The response should repeat word for word every line below from the one with "Halaman 12 dari Martial Peak Chapter 118" to the one with "Lot 69: Hungary", inclusive, and nothing else; leave pictures out.

Records for the exercise —
BEGIN
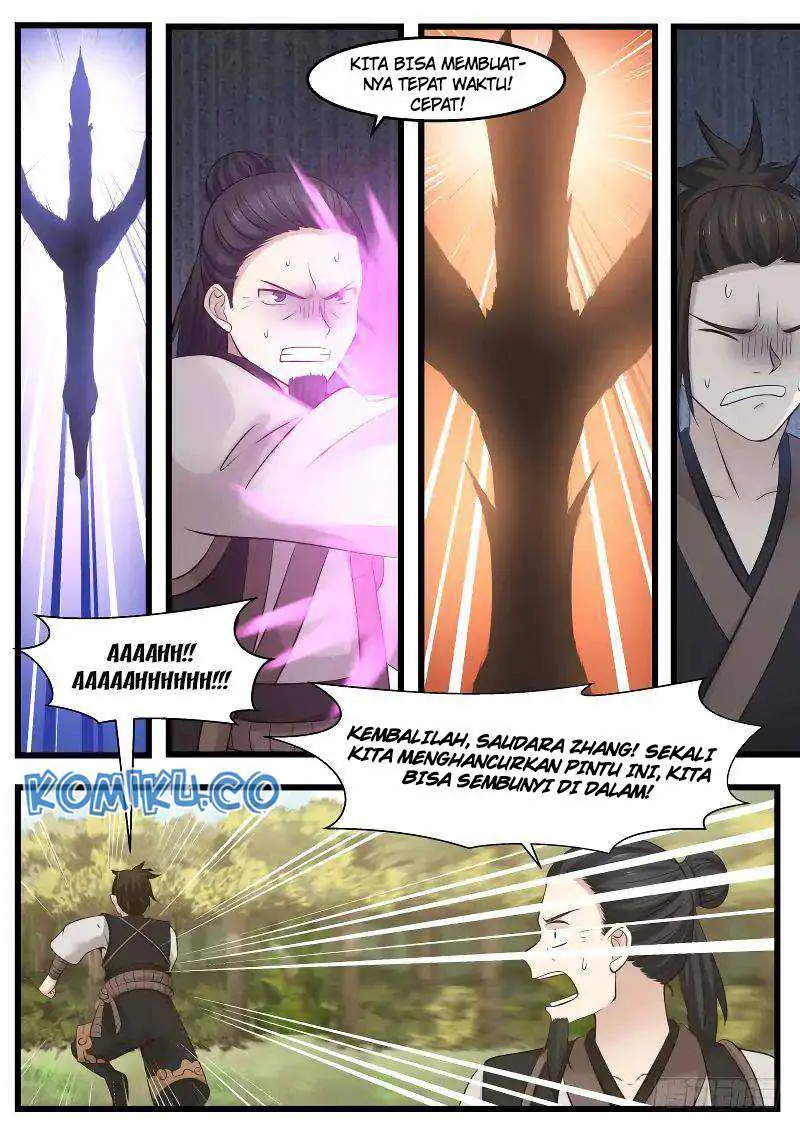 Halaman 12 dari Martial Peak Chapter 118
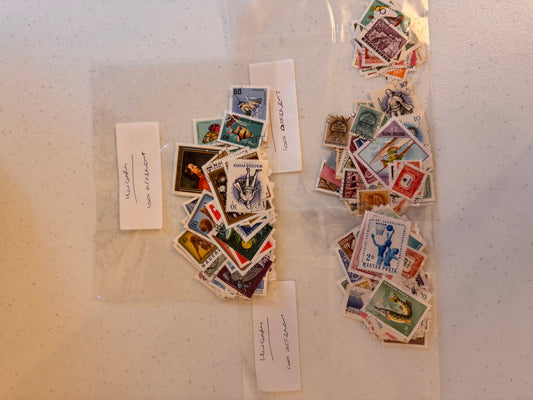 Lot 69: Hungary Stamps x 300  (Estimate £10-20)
END
BEGIN
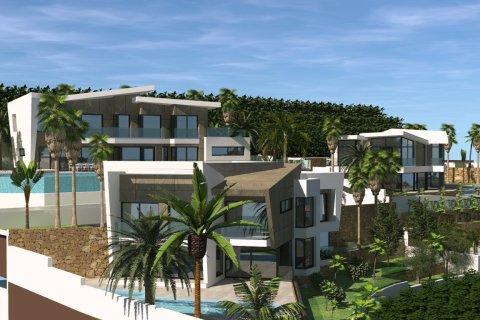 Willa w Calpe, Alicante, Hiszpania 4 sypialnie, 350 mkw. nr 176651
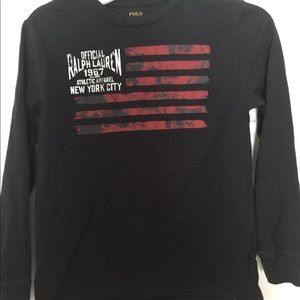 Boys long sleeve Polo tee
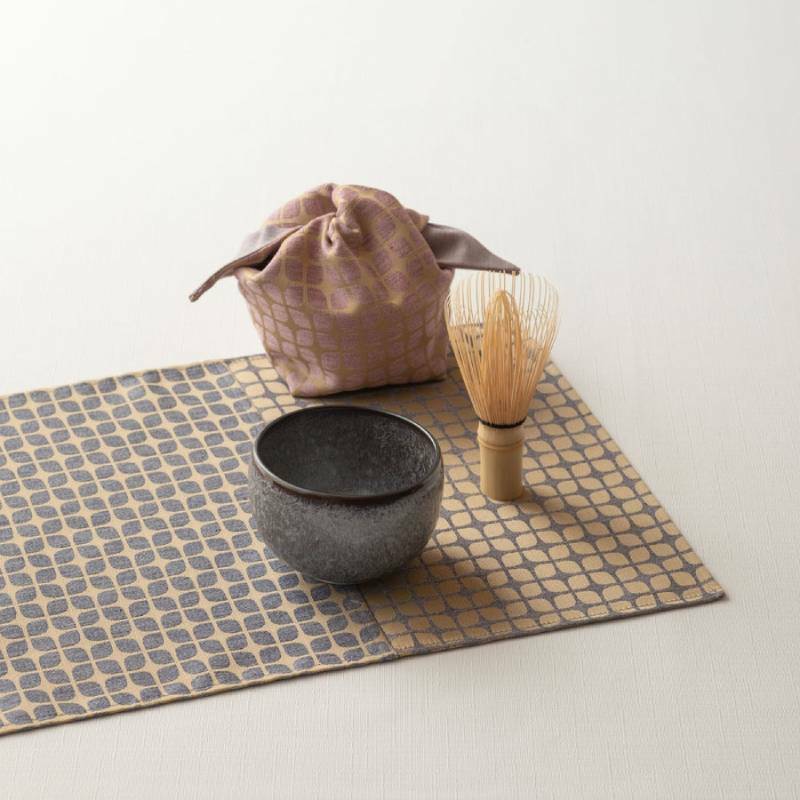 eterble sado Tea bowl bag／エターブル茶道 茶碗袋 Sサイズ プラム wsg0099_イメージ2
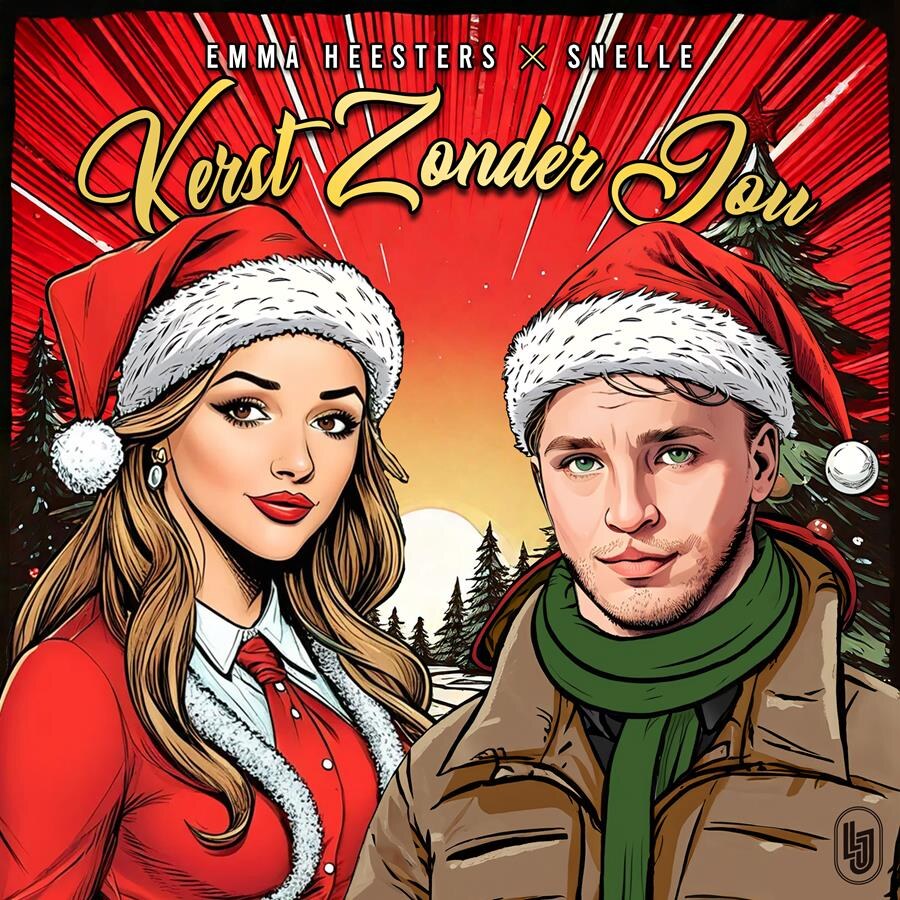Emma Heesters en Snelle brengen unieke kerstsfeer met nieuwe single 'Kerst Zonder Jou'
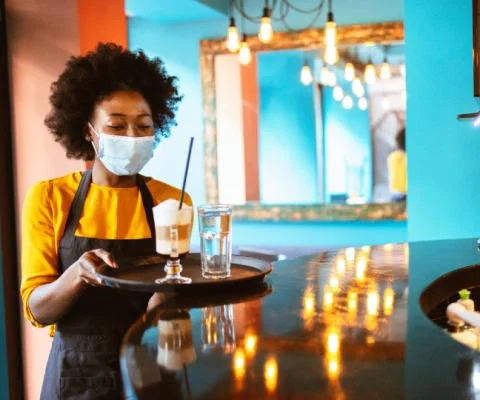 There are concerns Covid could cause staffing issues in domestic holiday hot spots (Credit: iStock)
END
Written answer —
 Halaman 12 dari Martial Peak Chapter 118
 Lot 69: Hungary Stamps x 300  (Estimate £10-20)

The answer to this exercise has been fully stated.